### Exercise objective
Copy exactly the lines of the records below, starting at the line that contains "this 587×416 image." and continuing through the last line, both included; omit any pictures.

### Data for review
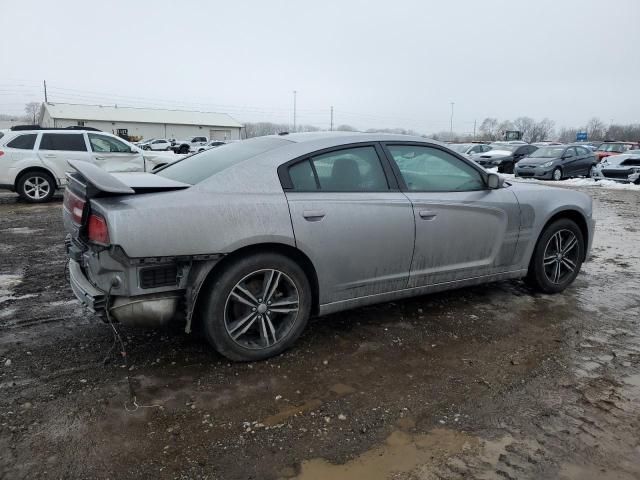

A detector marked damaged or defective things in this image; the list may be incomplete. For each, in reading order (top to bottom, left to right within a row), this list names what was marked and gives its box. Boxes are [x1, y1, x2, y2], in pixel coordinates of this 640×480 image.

exposed wheel well [14, 168, 58, 190]
exposed wheel well [540, 210, 584, 260]
damaged rear bumper [68, 258, 180, 330]
exposed wheel well [190, 244, 320, 326]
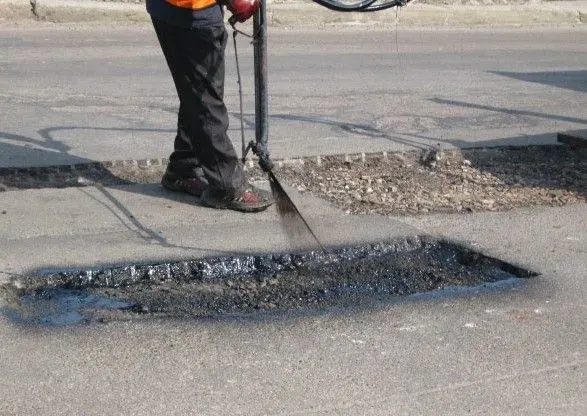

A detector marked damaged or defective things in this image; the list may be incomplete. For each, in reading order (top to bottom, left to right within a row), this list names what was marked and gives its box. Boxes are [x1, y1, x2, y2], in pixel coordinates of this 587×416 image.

asphalt pothole [2, 237, 540, 324]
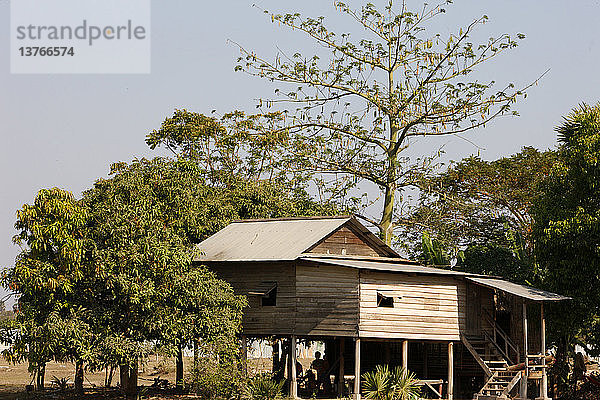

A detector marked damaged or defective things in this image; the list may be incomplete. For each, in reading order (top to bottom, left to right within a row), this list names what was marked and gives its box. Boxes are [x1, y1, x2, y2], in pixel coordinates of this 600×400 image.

### Response area
A detector marked damaged or defective things in this image; the list may be incomplete. For each, in reading order (top to bottom, left to right within a row), this list names what was marked and gives its box. Boxes are [x1, y1, x2, y2], in pixel coordinates of this 587×416 image.

asphalt pothole [2, 237, 540, 324]

A detector marked damaged or defective things in this image; the list may be incomplete. For each, in reading order (top to bottom, left to right within a row), this list names what was marked and gives its box. Boxes are [x1, y1, x2, y2], in pixel coordinates of this 600×400 image.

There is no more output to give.